Exercise brief:
Exact reproduction required: the lines below from the line with "American Eagle Outfitters boyfriend jeans" to the line with "Mini GT #1180", both ends included, and no others.

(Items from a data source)

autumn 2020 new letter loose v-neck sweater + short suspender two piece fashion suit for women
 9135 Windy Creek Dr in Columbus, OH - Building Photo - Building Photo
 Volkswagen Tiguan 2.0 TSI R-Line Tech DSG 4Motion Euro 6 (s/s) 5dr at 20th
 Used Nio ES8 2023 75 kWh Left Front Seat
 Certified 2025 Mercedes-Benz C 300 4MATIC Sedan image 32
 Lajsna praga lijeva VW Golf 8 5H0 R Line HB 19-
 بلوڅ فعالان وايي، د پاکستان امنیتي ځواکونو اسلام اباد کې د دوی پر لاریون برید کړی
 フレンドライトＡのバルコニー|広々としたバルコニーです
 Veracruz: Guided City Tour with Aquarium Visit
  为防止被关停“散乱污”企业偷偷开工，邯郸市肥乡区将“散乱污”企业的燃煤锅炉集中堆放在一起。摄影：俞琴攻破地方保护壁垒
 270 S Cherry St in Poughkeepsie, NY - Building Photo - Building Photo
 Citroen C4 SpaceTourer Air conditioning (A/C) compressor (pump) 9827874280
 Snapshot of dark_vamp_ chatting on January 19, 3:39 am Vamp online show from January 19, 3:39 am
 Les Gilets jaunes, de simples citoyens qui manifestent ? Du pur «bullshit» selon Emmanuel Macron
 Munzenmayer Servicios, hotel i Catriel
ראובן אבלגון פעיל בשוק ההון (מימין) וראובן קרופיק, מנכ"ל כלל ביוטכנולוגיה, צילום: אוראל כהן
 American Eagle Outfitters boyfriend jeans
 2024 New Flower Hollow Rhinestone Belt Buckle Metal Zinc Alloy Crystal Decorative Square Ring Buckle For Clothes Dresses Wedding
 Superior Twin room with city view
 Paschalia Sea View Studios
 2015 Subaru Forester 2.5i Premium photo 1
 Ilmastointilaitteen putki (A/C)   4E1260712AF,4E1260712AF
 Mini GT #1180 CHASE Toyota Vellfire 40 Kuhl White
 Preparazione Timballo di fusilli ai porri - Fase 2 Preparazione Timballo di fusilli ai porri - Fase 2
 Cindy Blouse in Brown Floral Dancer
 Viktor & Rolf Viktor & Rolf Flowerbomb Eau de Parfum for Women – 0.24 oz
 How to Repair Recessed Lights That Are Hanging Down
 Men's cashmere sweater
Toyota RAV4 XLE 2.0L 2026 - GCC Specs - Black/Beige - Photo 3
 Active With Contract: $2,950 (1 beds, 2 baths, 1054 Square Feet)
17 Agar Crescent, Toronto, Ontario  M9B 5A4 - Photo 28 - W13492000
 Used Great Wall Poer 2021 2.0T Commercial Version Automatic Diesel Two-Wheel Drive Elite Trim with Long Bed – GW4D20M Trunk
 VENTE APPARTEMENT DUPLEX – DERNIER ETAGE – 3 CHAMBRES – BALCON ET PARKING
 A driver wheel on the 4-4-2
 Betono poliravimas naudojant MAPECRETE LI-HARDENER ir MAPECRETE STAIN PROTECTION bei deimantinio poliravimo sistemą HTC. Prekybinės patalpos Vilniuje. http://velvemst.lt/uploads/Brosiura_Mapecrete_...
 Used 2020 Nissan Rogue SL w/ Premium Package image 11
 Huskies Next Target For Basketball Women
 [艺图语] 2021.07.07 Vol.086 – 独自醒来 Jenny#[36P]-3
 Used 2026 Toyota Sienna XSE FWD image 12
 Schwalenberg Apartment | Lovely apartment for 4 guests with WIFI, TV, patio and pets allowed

The answer:
 American Eagle Outfitters boyfriend jeans
 2024 New Flower Hollow Rhinestone Belt Buckle Metal Zinc Alloy Crystal Decorative Square Ring Buckle For Clothes Dresses Wedding
 Superior Twin room with city view
 Paschalia Sea View Studios
 2015 Subaru Forester 2.5i Premium photo 1
 Ilmastointilaitteen putki (A/C)   4E1260712AF,4E1260712AF
 Mini GT #1180 CHASE Toyota Vellfire 40 Kuhl White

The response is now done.